What will men’s tennis look like when Roger Federer retires? It’s a question asked regularly, with Federer having come to exemplify the sport over the last dozen years for not only the hardcore fan, but the casual, second-Sunday-at-the-Slams observer. For many who have enjoyed this great era of the game, it’s a future not only to wonder about, but to worry about. Who will fill the seats and move the needle; who will challenge today’s stars and record books; who will hit the tweener and wear the cardigan?
Over the past two years, the answer has slowly been revealing itself to us. While Federer’s status among the sport’s elite remains unquestioned—in 2014, the 33-year-old won the most matches on the ATP tour—his play at the Slams has steadily slipped. He’s failed to reach the quarterfinals in five of his last seven Grand Slam tournaments, and he’s won just one of the last twenty majors. But in the process, he’s given a number of other players the opportunity to show what they can do on the sport’s biggest stages.
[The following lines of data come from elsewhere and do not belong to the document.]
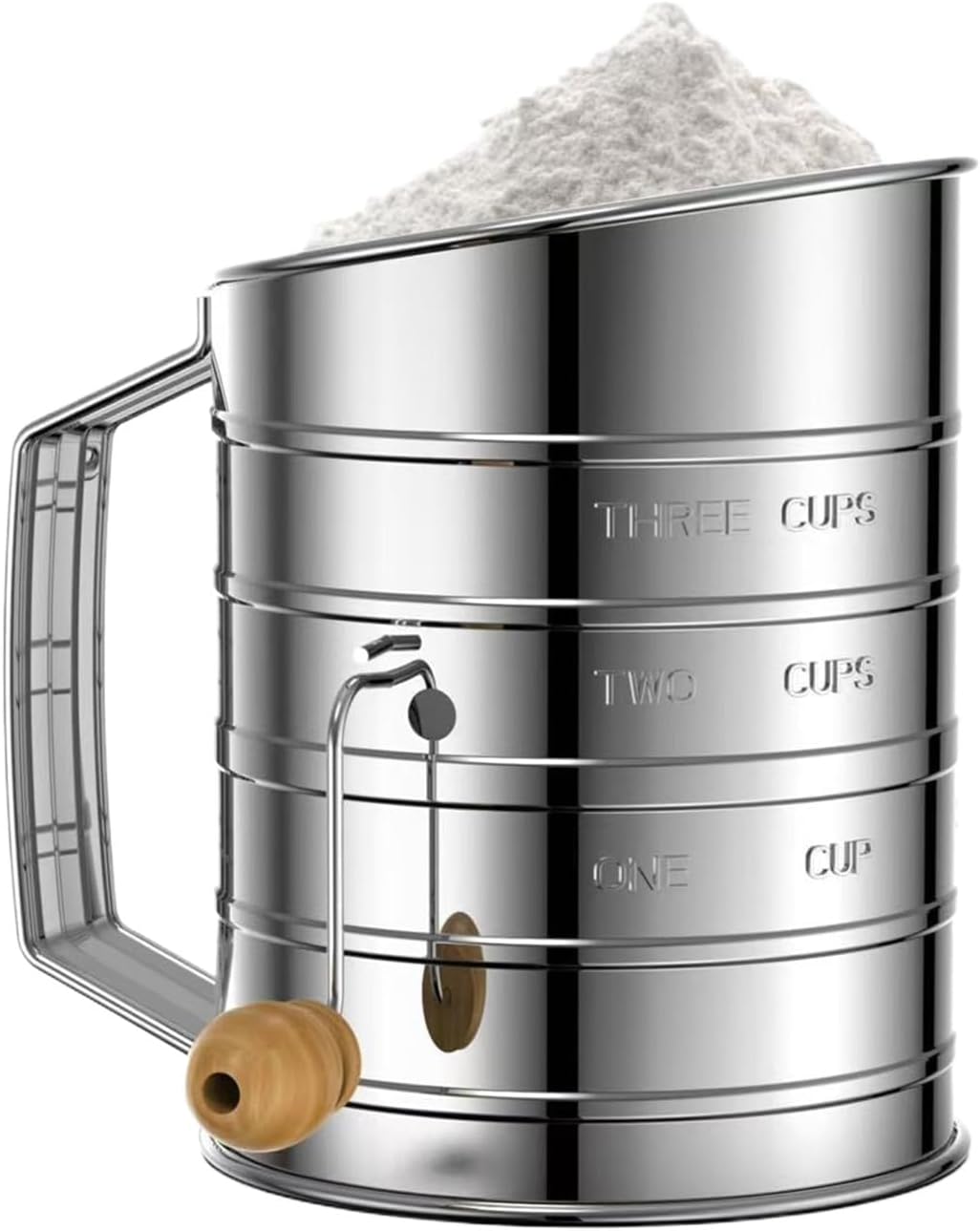 Sifter for Baking,Fine Mesh Flour Sieve for Agitator,Dishwasher Safe Kitchen Powdered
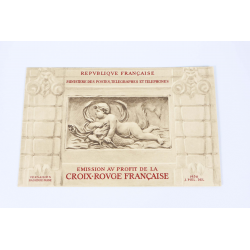 CARNET CROIX-ROUGE DE 1952 AVEC PUBLICITÉ TIMBRES DE FRANCE NEUFS** COTE 550€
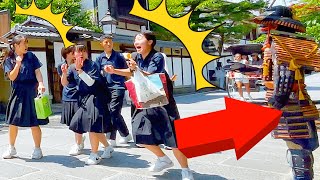 56 SAMURAI Mannequin Prank in Kyoto Japan  Shogun Statue prank amp Best Reactions at Kiyomizu Temple [upl. by Nerred]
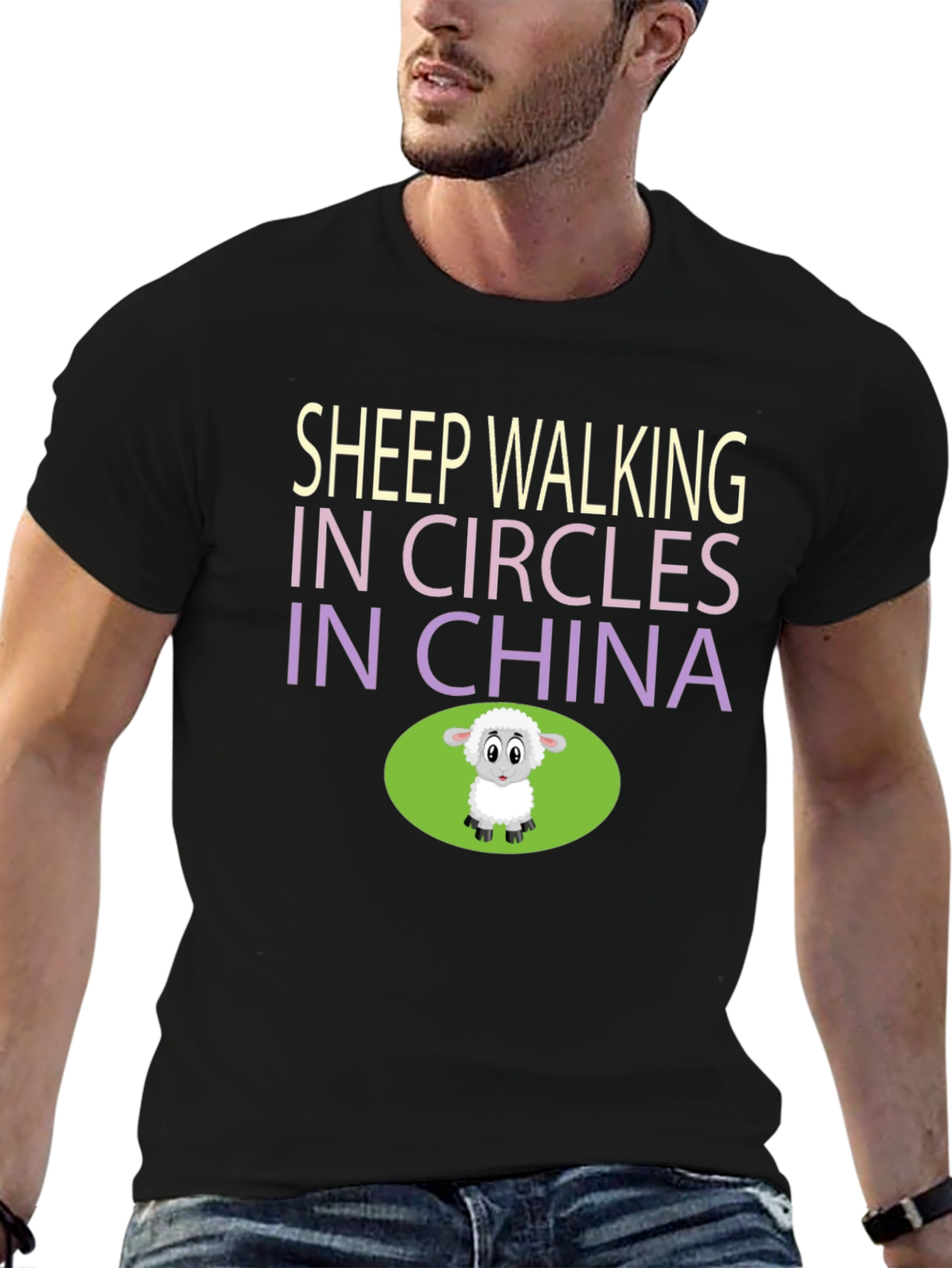 Sheep Walking in Circles T-Shirt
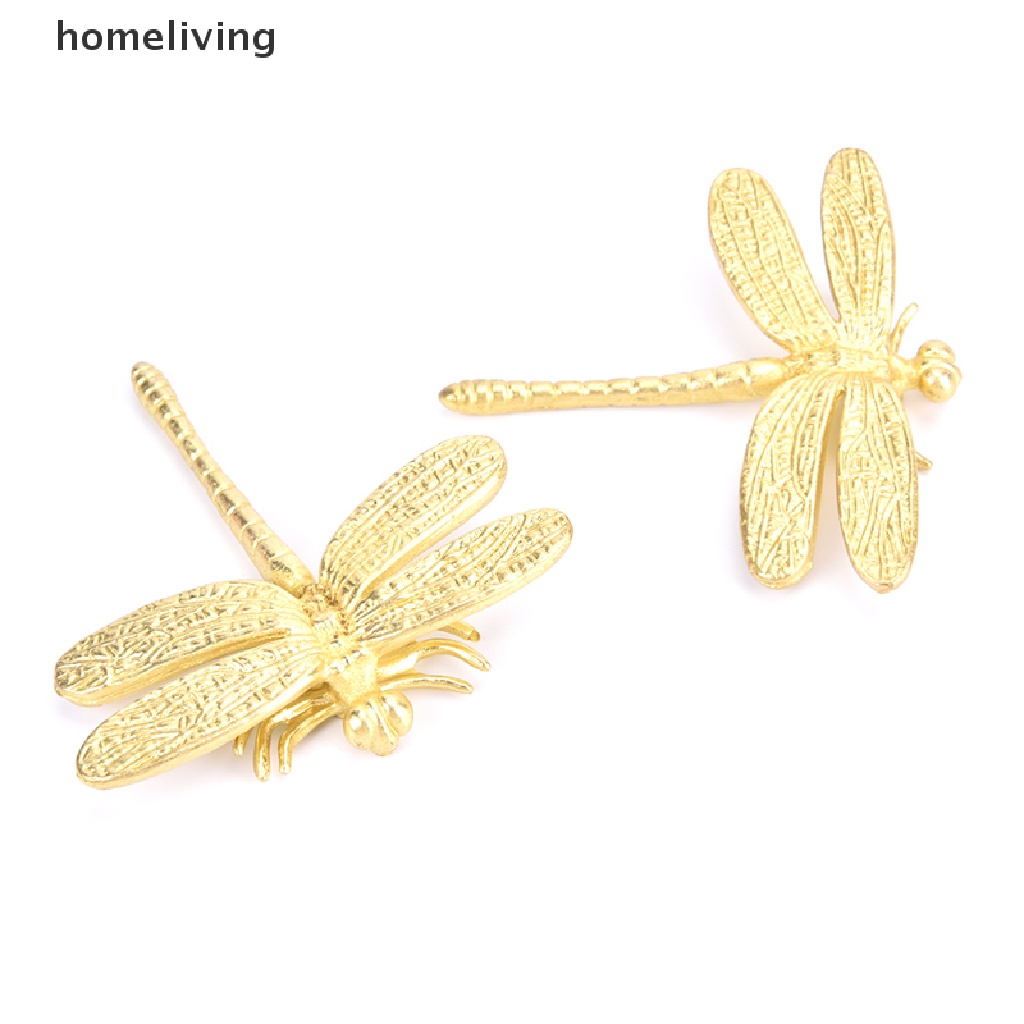 Tay Nắm Cửa Tủ Bằng Đồng Thau Hình Chuồn Chuồn Phong Cách Bắc Âu Đơn Giản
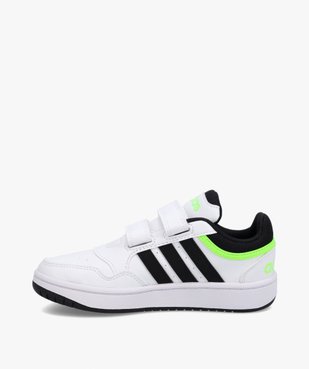 Baskets garçon bicolores à scratchs – Adidas Hoops 3.0 vue3 - ADIDAS - GEMO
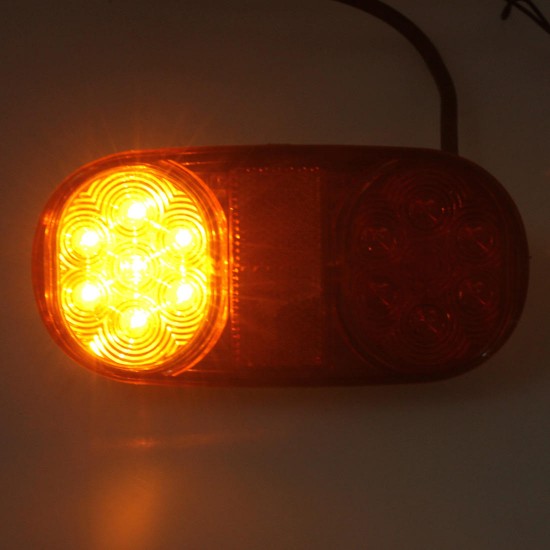 LED Rear Tail Lights Turn Signal Lamps Waterproof 12V 2PCS for Boat Trailer UTE Camper Truck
On the seventh day of the Australian Open, he rested—not by choice, of course—and it was Andreas Seppi who got to face Nick Kyrgios, with the winner meeting the survivor of the Andy Murray-Grigor Dimitrov showcase showdown. All four men acquitted themselves admirably in a preview of what the post-Federer (and for that matter, post-Rafael Nadal) landscape could look like. And I didn’t want to turn away.